**Supplied information:**
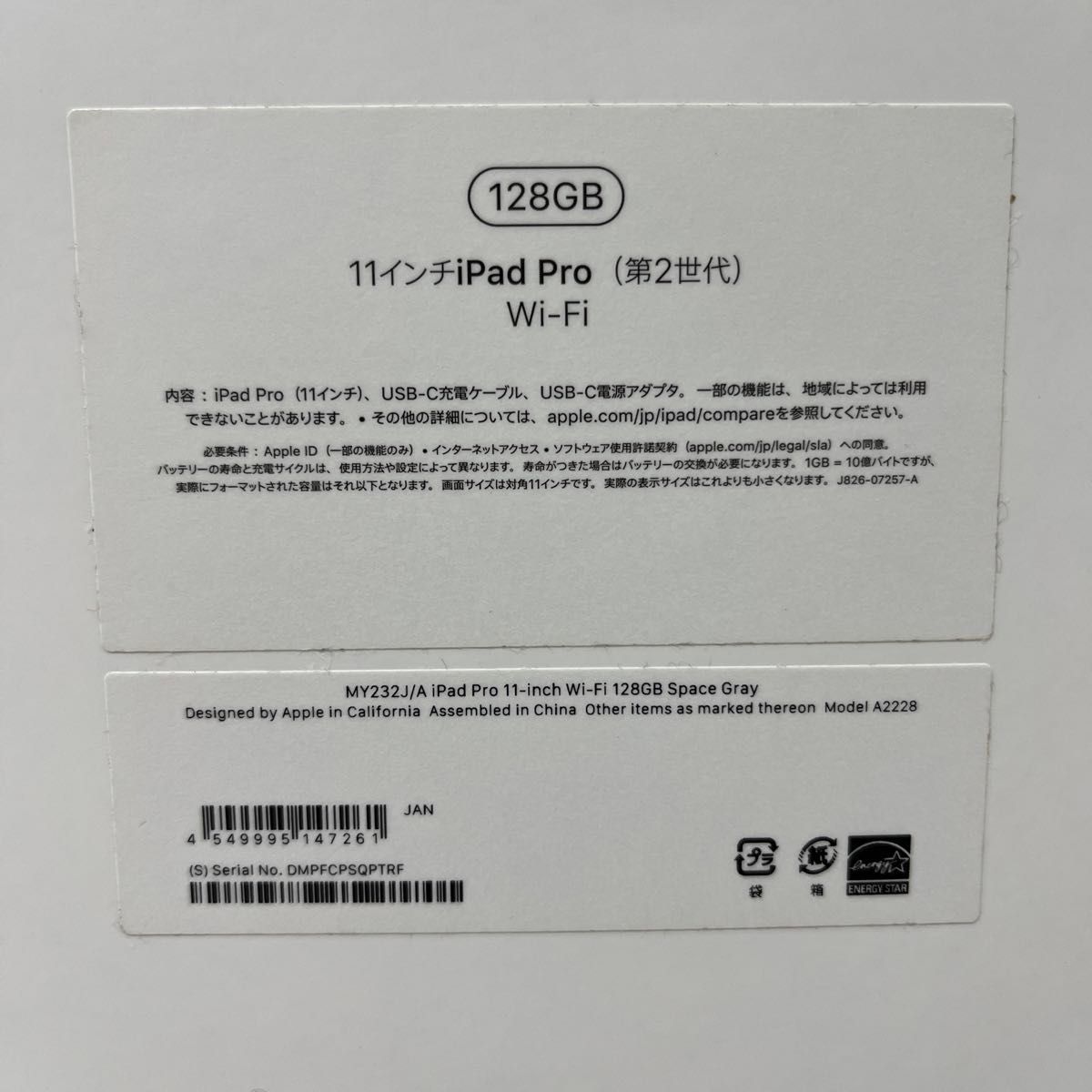 値下げしました【箱のみ】11インチiPad Pro(第2世代) Apple 値下げしました【箱のみ】11インチiPad Pro(第2世代) Apple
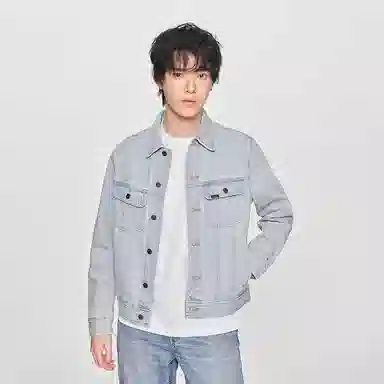 Lee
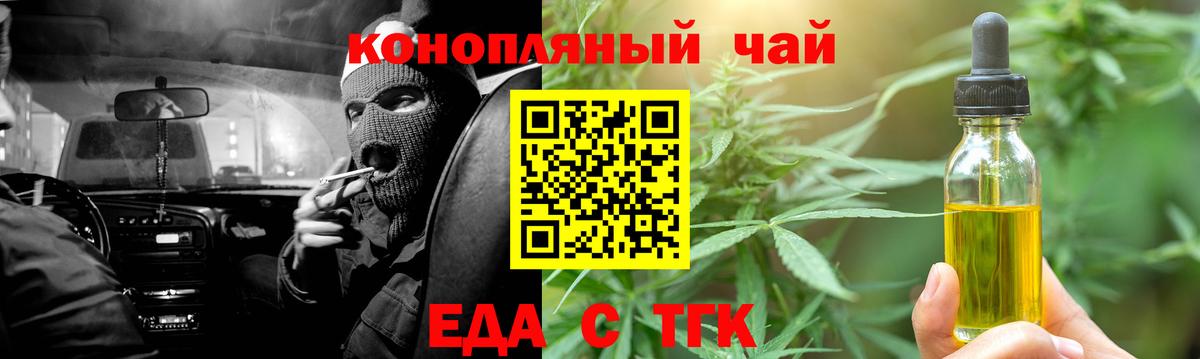 Глазов  Cannafood марихуана  Вход с VPN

**What you are asked to do:** Every line above is to be repeated exactly, but no picture is to appear in the copy.

**Final answer:**
 値下げしました【箱のみ】11インチiPad Pro(第2世代) Apple 値下げしました【箱のみ】11インチiPad Pro(第2世代) Apple
 Lee
 Глазов  Cannafood марихуана  Вход с VPN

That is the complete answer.